- _Activity_: The listing below should be printed again word for word, without any images.

- _Available data_:
————
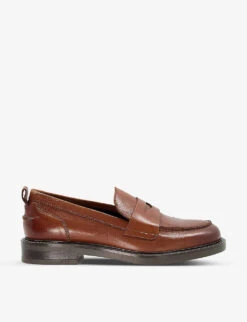 Dune Geeno Apron-stitch Leather Penny Loafers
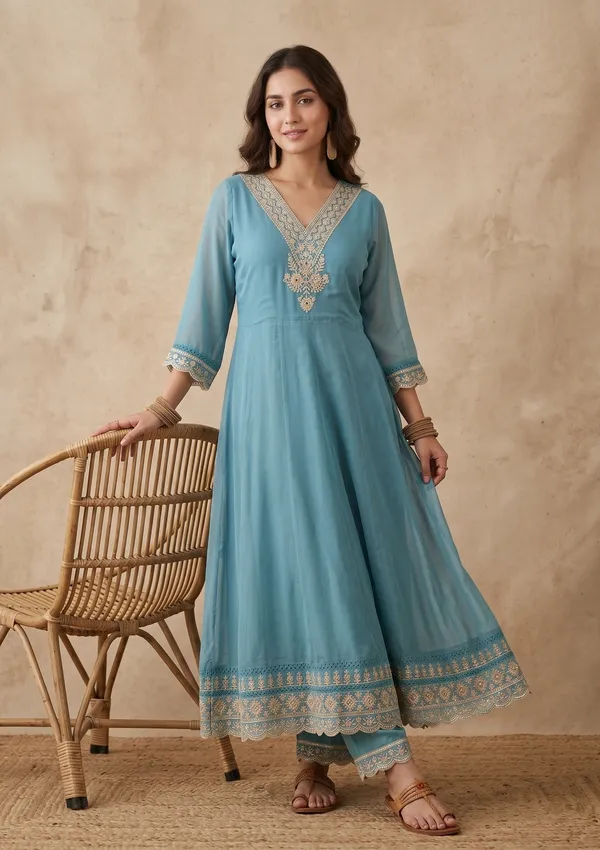 Sky_Blue_Threadwork_Organza_Readymade_Salwar_Suit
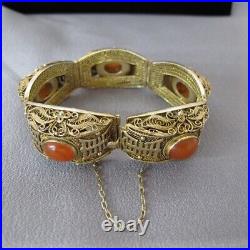 Vintage Chinese Export Orange Carnelian Sterling Silver Gilt Bracelet 6.75 C693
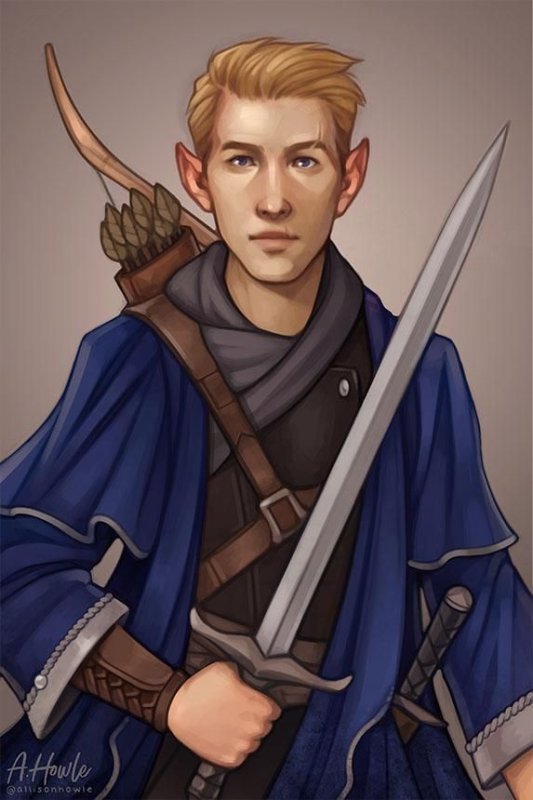 DND бард Полуэльф портрет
————
- _Solved problem_:
 Dune Geeno Apron-stitch Leather Penny Loafers
 Sky_Blue_Threadwork_Organza_Readymade_Salwar_Suit
 Vintage Chinese Export Orange Carnelian Sterling Silver Gilt Bracelet 6.75 C693
 DND бард Полуэльф портрет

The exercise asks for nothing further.